Records drawn from a dataset

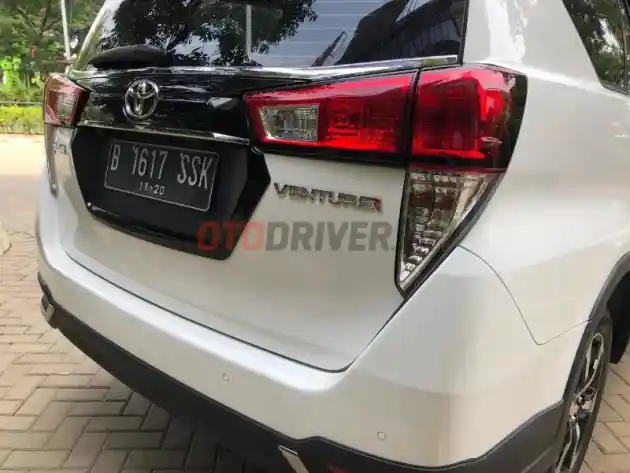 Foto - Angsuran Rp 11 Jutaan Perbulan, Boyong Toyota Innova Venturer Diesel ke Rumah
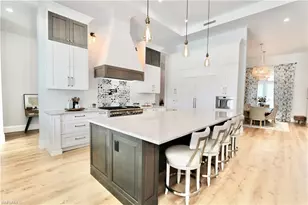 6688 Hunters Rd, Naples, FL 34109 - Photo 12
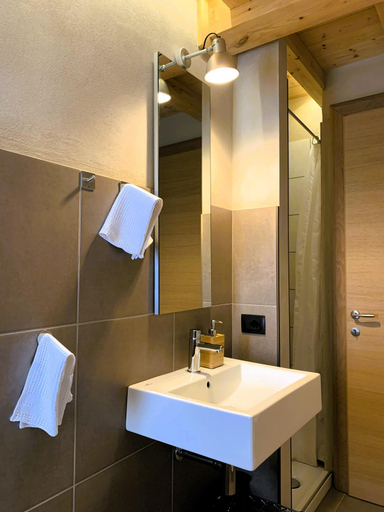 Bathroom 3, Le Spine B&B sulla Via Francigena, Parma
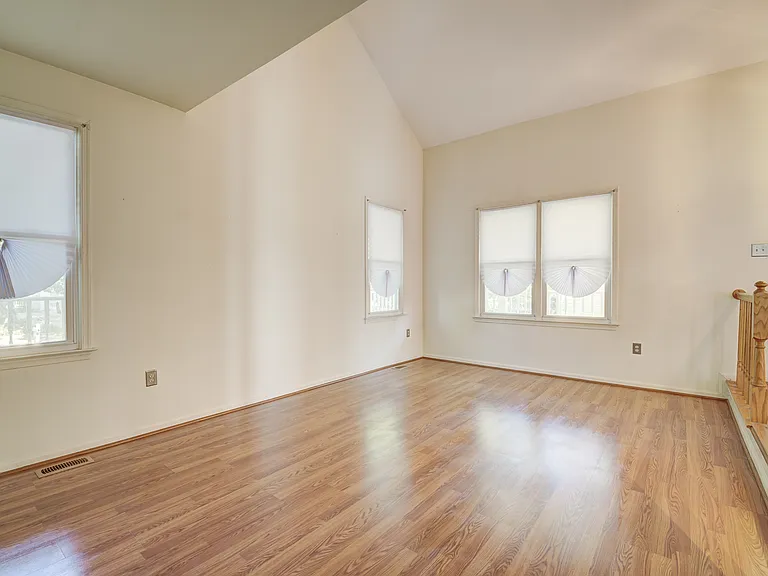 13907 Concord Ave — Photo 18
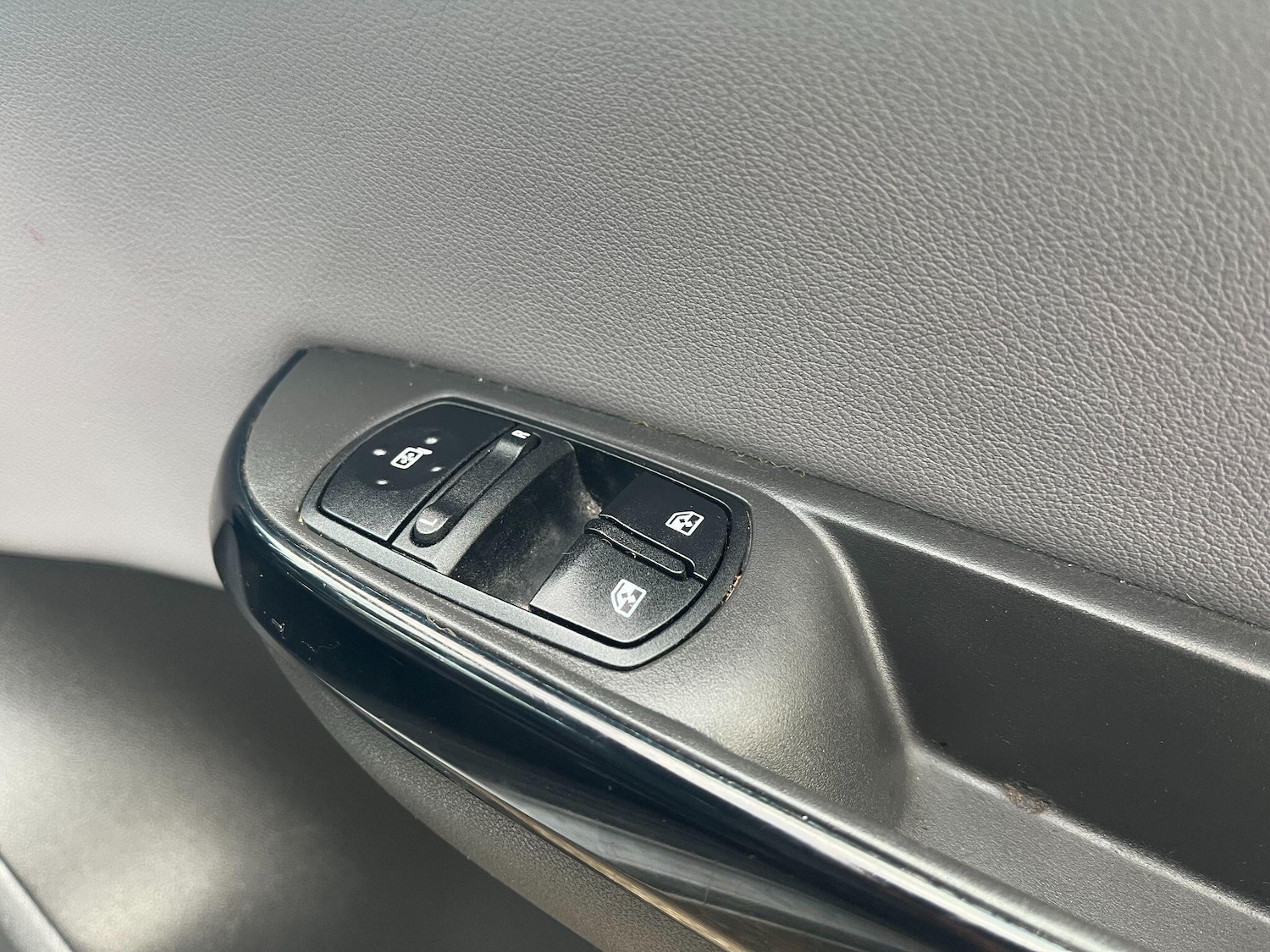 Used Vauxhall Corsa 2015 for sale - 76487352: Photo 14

[EXERCISE] Find the line containing "Bathroom 3, Le" in the records above, then copy it and every line after it exactly, through the last one, without any pictures.

[SOLUTION TO THE EXERCISE]
 Bathroom 3, Le Spine B&B sulla Via Francigena, Parma
 13907 Concord Ave — Photo 18
 Used Vauxhall Corsa 2015 for sale - 76487352: Photo 14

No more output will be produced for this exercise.